Quote the whole listing exactly. Leave the pictures out of your copy.

*Data block*:
####

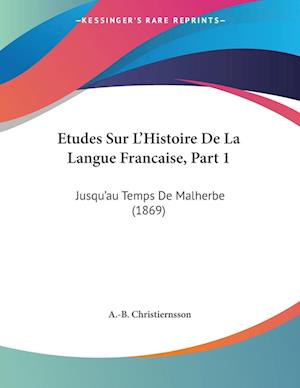 Cover for A -B Christiernsson · Etudes Sur L'Histoire De La Langue Francaise, Part 1 (Paperback Book) (2009)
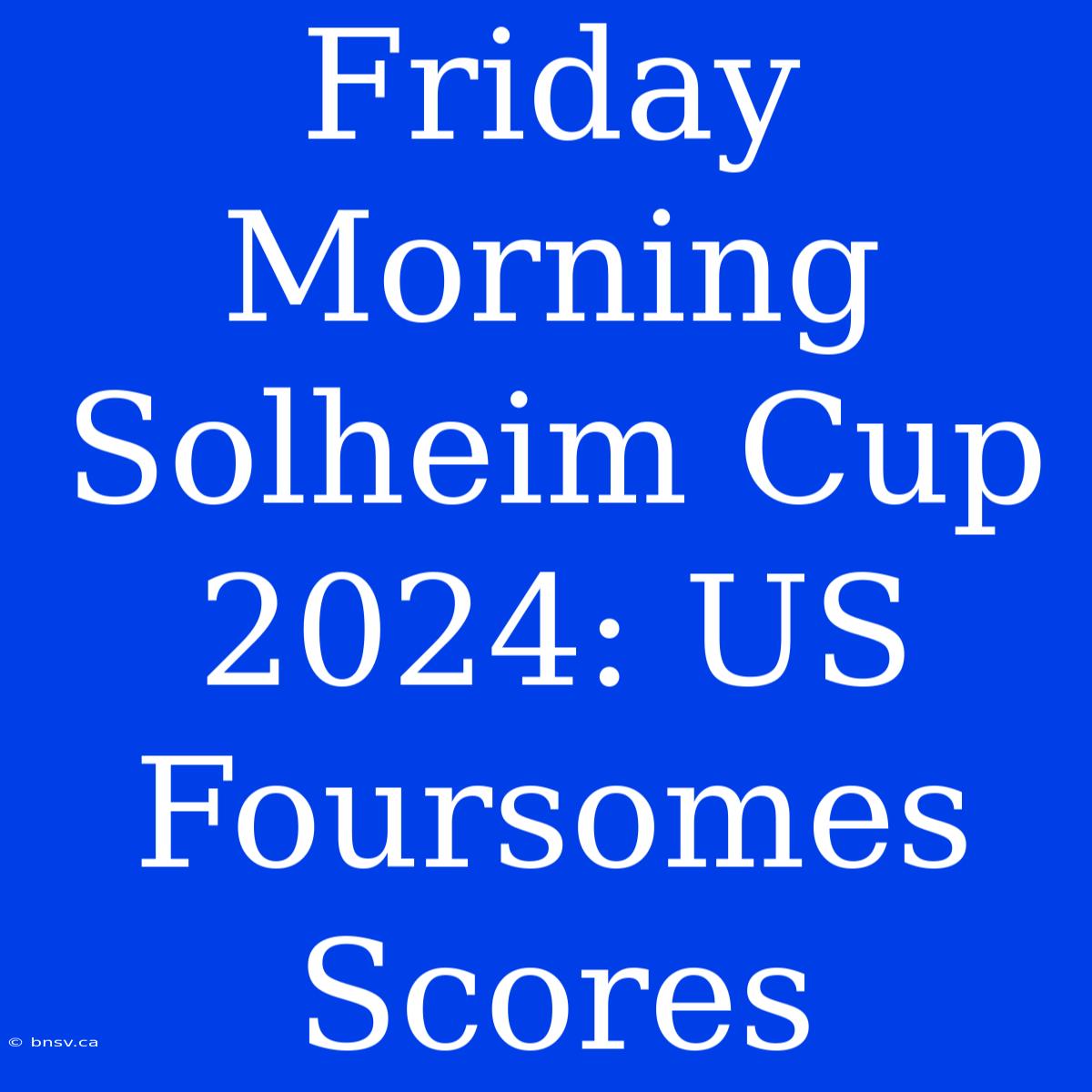 Friday Morning Solheim Cup 2024: US Foursomes Scores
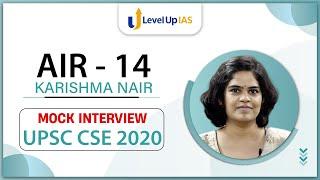Karishma Nair - AIR 14 |  UPSC Topper Mock Interview |  IAS Rank 14 | Level Up IAS Topper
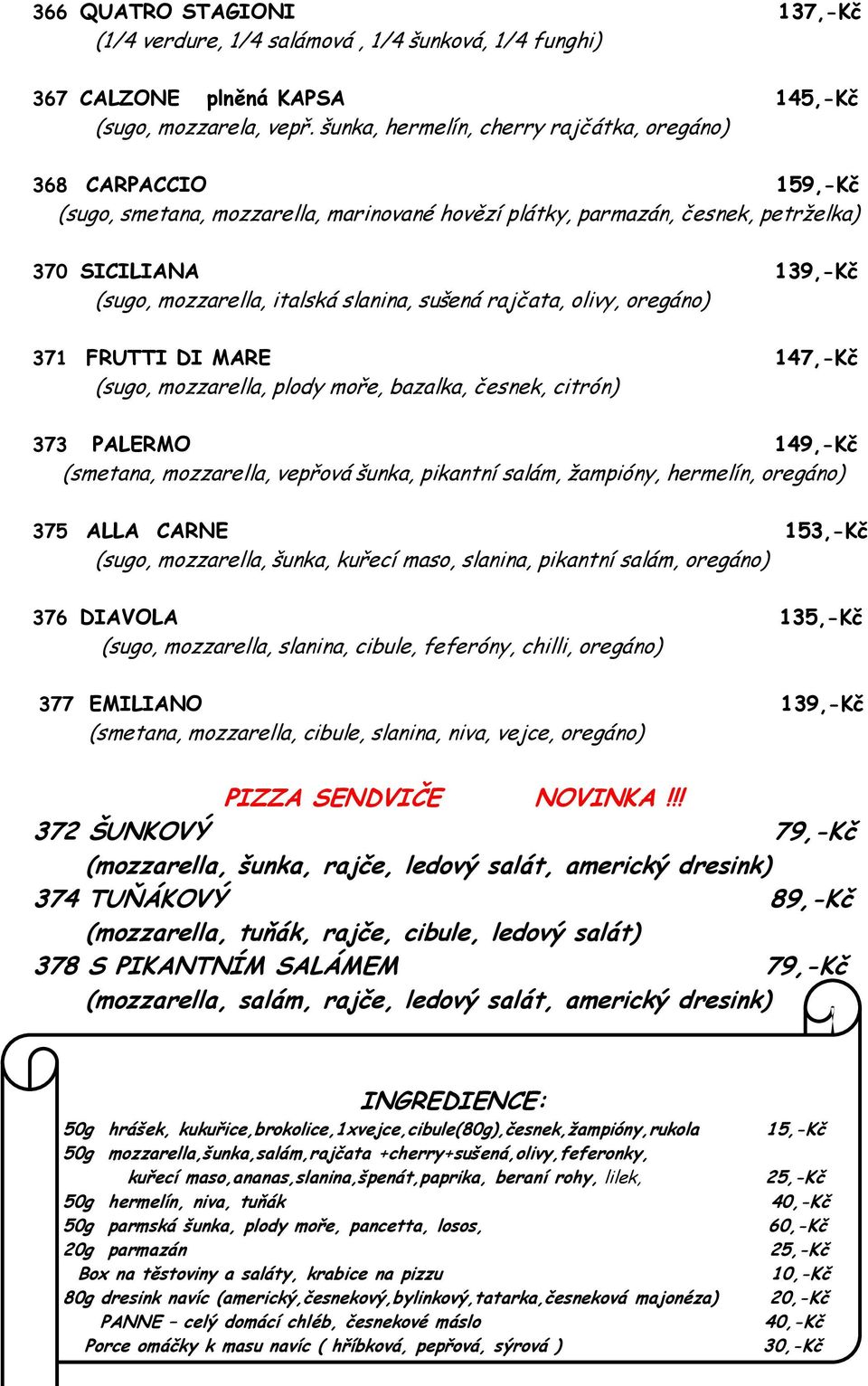 slanina, sušená rajčata, olivy, oregáno) 371 FRUTTI DI MARE 147,-Kč (sugo, mozzarella, plody moře, bazalka, česnek, citrón) 373 PALERMO 149,-Kč (smetana, mozzarella, vepřová šunka, pikantní salám,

####

*Solution to this exercise*:
 Cover for A -B Christiernsson · Etudes Sur L'Histoire De La Langue Francaise, Part 1 (Paperback Book) (2009)
 Friday Morning Solheim Cup 2024: US Foursomes Scores
Karishma Nair - AIR 14 |  UPSC Topper Mock Interview |  IAS Rank 14 | Level Up IAS Topper
 slanina, sušená rajčata, olivy, oregáno) 371 FRUTTI DI MARE 147,-Kč (sugo, mozzarella, plody moře, bazalka, česnek, citrón) 373 PALERMO 149,-Kč (smetana, mozzarella, vepřová šunka, pikantní salám,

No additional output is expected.